"Is the Shereef on friendly terms with the Sultan?"
"No, I am sorry to say there is a feud between them at the moment. The Sultan objects to my husband for using an English saddle."
"Hum!" (to myself mentally) "if the august Muley cannot brook an English saddle, what must he think of an English wife? Or do these Moslems, like some Christians I know, strain at a gnat and swallow a camel? Mayhap it is even so. The pigeon-prompted camel-driver, who built up his creed with plentiful blood-cement, saw fit to add a new chapter to the Koran, when he fell in love with the Coptic maiden, Mary."

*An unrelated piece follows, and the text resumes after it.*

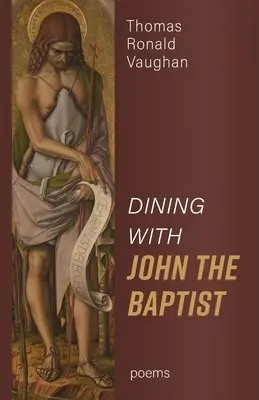 Cenando con Giovanni Battista: Poesie - Dining With John the Baptist: Poems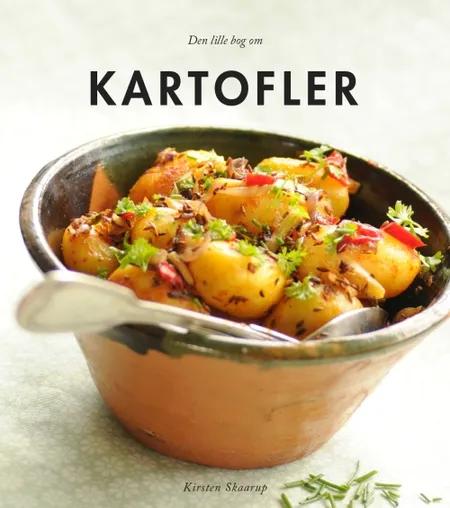 Den lille bog om kartofler af Kirsten Skaarup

The Shereefa told me that her father and mother had come out to see her. They were averse to the alliance at first, but were satisfied that she had done the right thing when she told them how content she was, and with what high-bred consideration for her wishes in the matter of religion her husband had behaved. Their intention was to stop for four days, but they extended their visit to fourteen. "And now," she continued, "I can use to my lord the words of Ruth to Naomi, 'Whither thou goest I will go; and where thou lodgest I will lodge; thy people shall be my people'"—a pause—"yes, and 'thy God my God,' for there is but one"—archly—"the matter of the Prophet we shall leave aside."

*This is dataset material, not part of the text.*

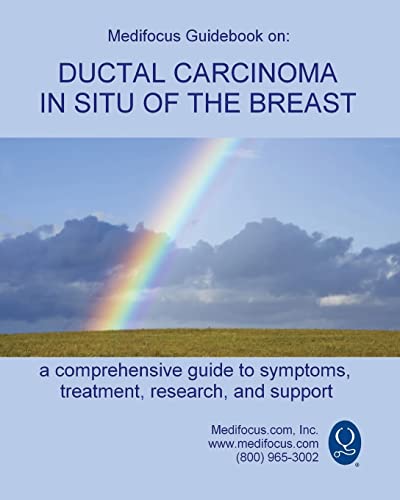 9781981284641: Medifocus Guidebook on: Ductal Carcinoma in Situ of the Breast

I admired the lady's pluck, and if I were that Moorish squire I have tried to sketch, I should esteem it an honour to have her on my visiting list. But I am a theological oddity, and my wallet of prejudices, it is to be feared, is sadly unfurnished. I never could rise to that sublimated self-sufficiency of intellect that I could consign any fellow-creature to everlasting pains for the audacity of differing in dogma with myself. I have met good and bad of every creed, Mahometans I could respect—whose word was their bond—and so-called Christians and Christian ministers with a most uncharitable spiritual pride, whom I could not respect. The liver of the persecutor was denied me. Were the fires of Smithfield to be rekindled, my prayers would be sent up for the floods of Heaven to quench them, and for the lightnings of Heaven to annihilate the fiends who had piled the faggots.
"By-the-bye," said the Shereefa, "do you know any of those people who write for the papers in London?"
I admitted that I had that misfortune.
"Some of them are fools as well as cowards," she went on. "They have written articles about me full of ignorance and malice. Have they no consideration for the feelings of others?"
"I am afraid, your Highness, some of them are more brilliant than conscientious; they would rather point an epigram than sacrifice style to truth or good-nature."
"One of them in particular," she said, and there was an irritated ring in her voice, "has singled me out for attack, and given me in derision a name which he believes to be Mahometan, but which is really Jewish."